The tourist of our time can pass no pleasanter summer’s day than in loiterings there and thereabout. Echoes of Scott’s border minstrelsy beat from bank to bank. Poet Drummond was proud to have poet Jonson as a guest, and hospitably plied him with “strong waters;” under the effusion Jonson dilated, and Drummond, eagerly attentive, made notes. These jottings down, which were not voluminous, and which were not published until after both parties were in their graves, have been subject of much and bitter discussion, and relate to topics lying widely apart. There is talk of Petrarch and of Queen Elizabeth—of Marston and of Overbury—of Drayton and Donne—of Shakespeare (all too little)—of King James and Petronius—of Jonson’s “shrew of a wife” and of Sir Francis Bacon; and there are more or less authentic stories of Spenser and Raleigh and Sidney. Throughout we find the burly British poet very aggressive, very outspoken, very penetrative and fearless: and we find his Scotch interviewer a little overawed by the other’s audacities, and not a little resentful of his advice to him—to study Quintillian.
An Italian Reporter.
It was in the very year of Ben Jonson’s return from the north that a masque of his—“Pleasure is Reconciled to Virtue”—was represented at Whitehall; and it so happens that we have a lively glimpse of this representation from the note-book of an Italian gentleman who was chaplain to Pietro Contarini, then ambassador from Venice, and who was living at Sir Pindar’s home in Bishopsgate Street (a locality still kept in mind by a little tavern now standing thereabout called “Sir Pindar’s Head”).

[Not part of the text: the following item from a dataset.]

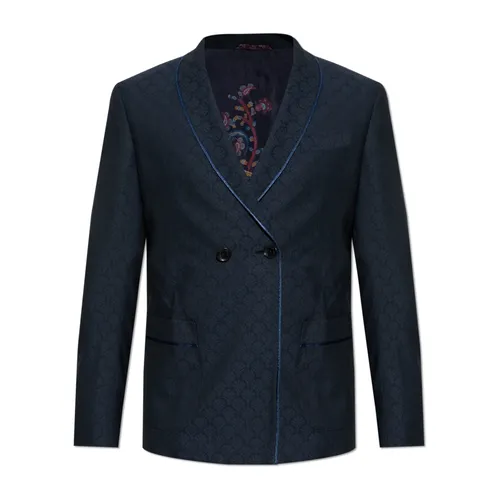 Etro - Jackets > Blazers - Blue - Etro - Modalova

This report of Busino, the Italian gentleman of whom I spoke, about his life in London, was buried in the archives of Venice, until unearthed about twenty years since by an exploring Englishman.[5] So it happens, that in this old Venetian document we seem to look directly through those foreign eyes, closed for two hundred and seventy years, upon the play at Whitehall.
“For two hours,” he says, “we were forced to wait in the Venetian box, very hot and very crowded. Then the Lord Chamberlain came up, and wanted to add another, who was a greasy Spaniard.”

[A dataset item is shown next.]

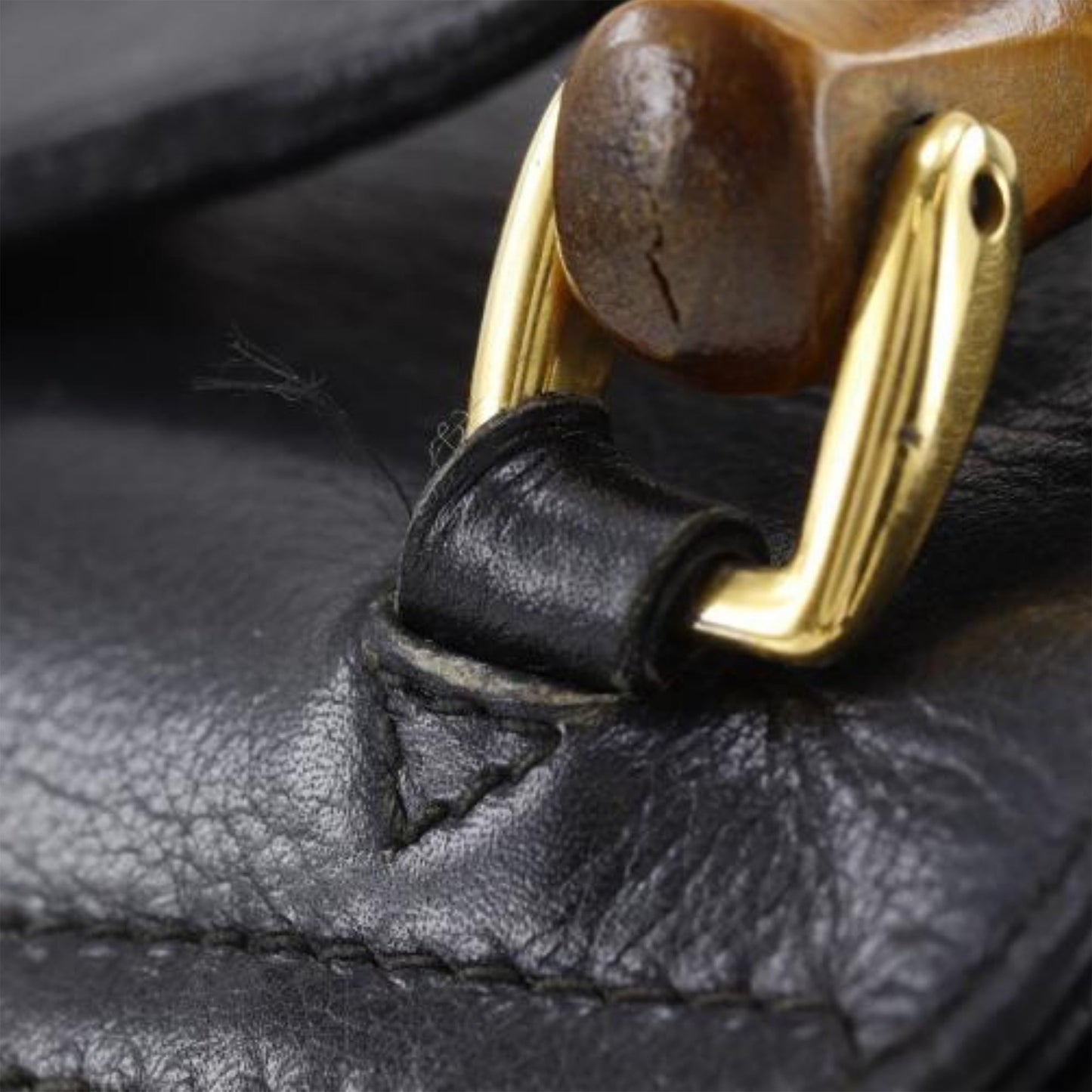 Gucci Calfskin Bamboo Drawstring Backpack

This puts Busino in an ill humor (there was no good-will between Italy and Spain in those days); but he admires the women—“all so many queens.”
“There were some very lovely faces, and at every moment my companions kept exclaiming: ‘Oh, do look at this one!’ ‘Oh, do see that other!’ ‘Whose wife is this?’ ‘And that pretty one near her, whose daughter is she?’ [Curious people!] Then the King came in and took the ambassador to his royal box, directly opposite the stage, and the play began at 10 P.M.”
There was Bacchus on a car, followed by Silenus on a barrel, and twelve wicker-flasks representing very lively beer bottles, who performed numerous antics; then a moving Mount Atlas, as big as the stage would permit; scores of classic affectations and astonishing mythologic mechanism; and at last, with a great bevy of pages, twelve cavaliers in masques—the Prince Charles (afterward Charles I.) being chief of the revellers.